El hecho de que las élites políticas, en su conjunto, fueran capaces de acordar unos principios básicos (Constitución, amnistía, pacto de rentas, descentralización), resulta informativo no tanto sobre los políticos, sino sobre el momento político en el que tuvieron que actuar

A la luz de todas estas diferencias, el contraste entre líderes de periodos tan distintos se vuelve un poco arbitrario. Pongan a Sánchez a gobernar en 1982 y a González en 2018 y verán. Por supuesto, se trata de un puro ejercicio contrafáctico, de historia virtual, pero una consideración seria de los contextos en los que cada uno tuvo que actuar revela el sinsentido de intentar explicar los resultados solamente en función de la calidad de los liderazgos.

Contra la decepción del periodismo

Contra la decepción del periodismo

Es tarea vana hacer juicios sumarios sobre la decadencia de la política. La política ha cambiado tremendamente en los últimos cuarenta años y con ella los propios criterios con los que la valoramos. Aunque las reglas institucionales apenas se han modificado, el poder relativo de los gobiernos nacionales ha disminuido en gran medida, sobre todo en Europa, como consecuencia tanto de la globalización como de la integración supranacional. Por otro lado, los niveles de exigencia se han elevado considerablemente. Pensemos en la corrupción: conductas que hoy nos resultan inadmisibles eran sin embargo normales en los albores de nuestra democracia. En un sentido similar, las relaciones promiscuas entre políticos y periodistas que se daban entonces resultarían hoy escandalosas. A su vez, el Estado del bienestar es más potente que nunca y la Administración es incomparablemente más eficiente. Piénsese igualmente en la incorporación de la mujer a la política, veníamos de una política exclusivamente masculina; y en los derechos civiles, cómo han evolucionado. La lista podría extenderse durante varias páginas.

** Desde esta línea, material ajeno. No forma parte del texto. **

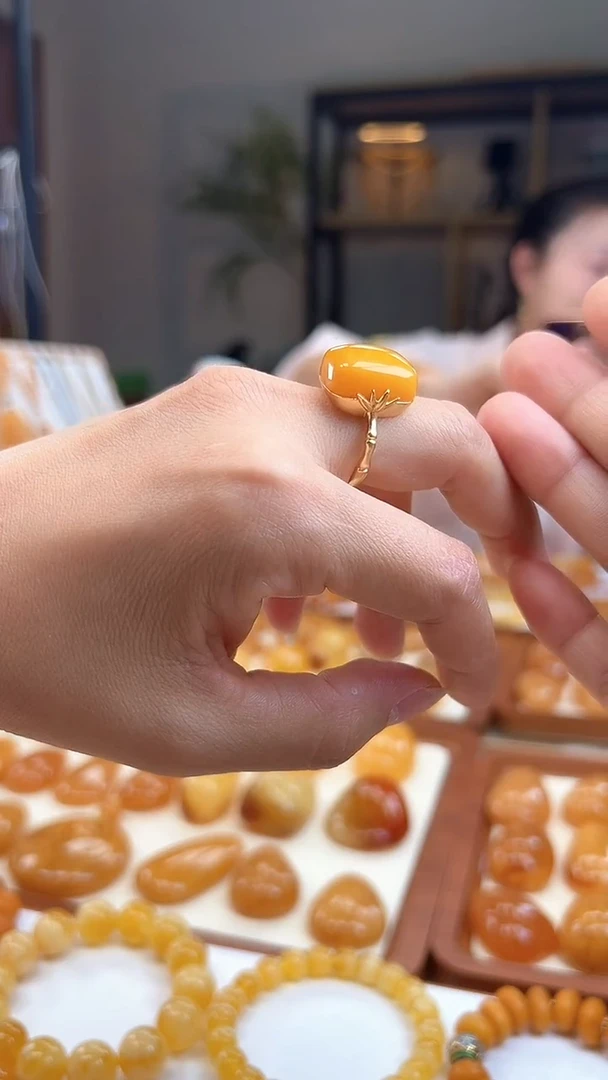 未镶嵌琥珀戒指精品蜜蜡竹节托戒指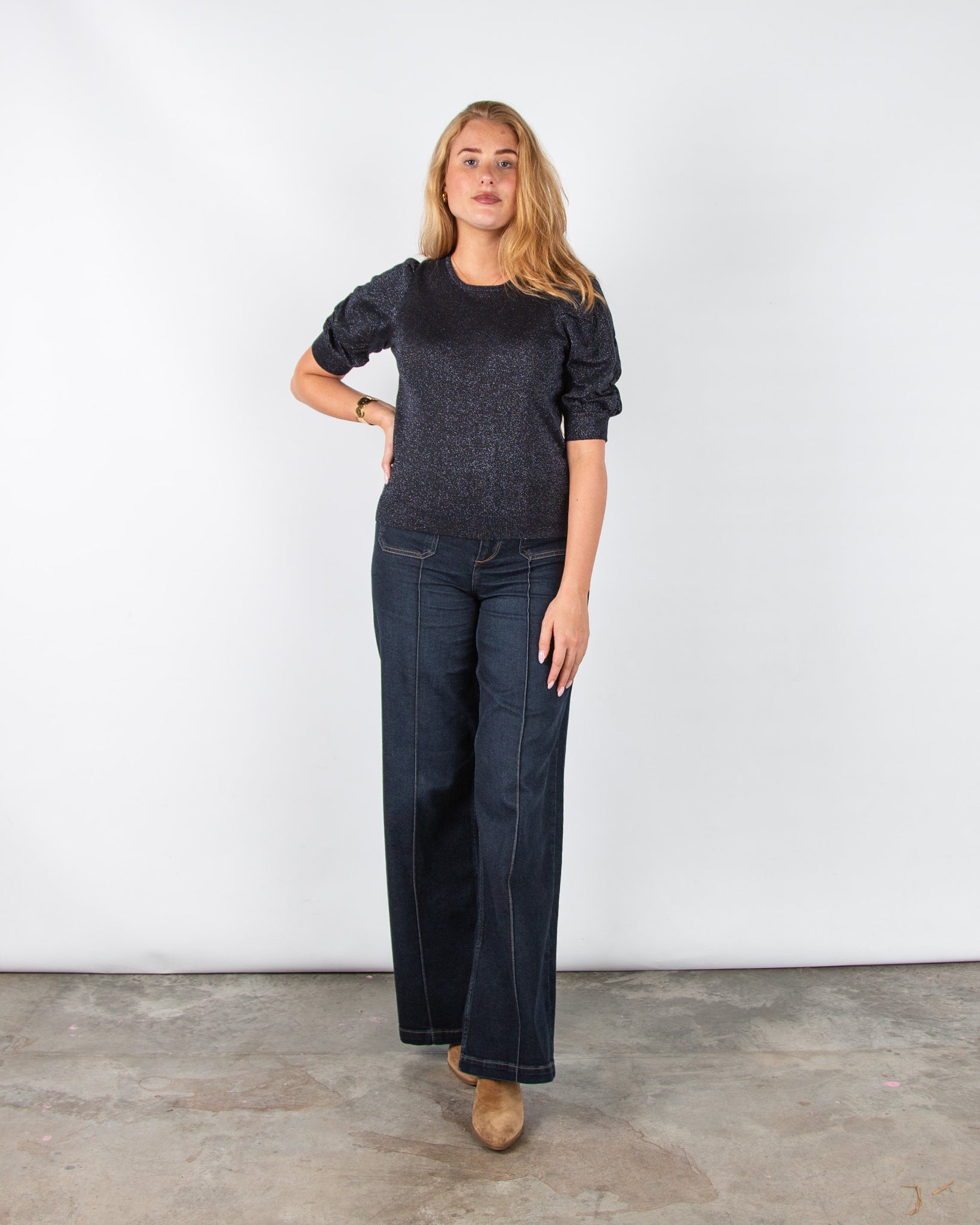 Part Two Varaia Lurex Knit 3/4 Ruched Sleeve Top Dark Navy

Nada de esto quiere decir que todo haya ido a mejor, o que la política en la actualidad sea irreprochable. Los problemas son demasiado obvios como para que sea preciso enumerarlos aquí. Con todo, quisiera insistir en que, en cuestiones de política, la manera en que juzgamos y valoramos distintos periodos no es atemporal. No podemos juzgar el presente con los ojos del pasado, de la misma forma que no podemos mirar al pasado con la perspectiva de hoy.

*Ignacio Sánchez-Cuenca es catedrático de Ciencia Política.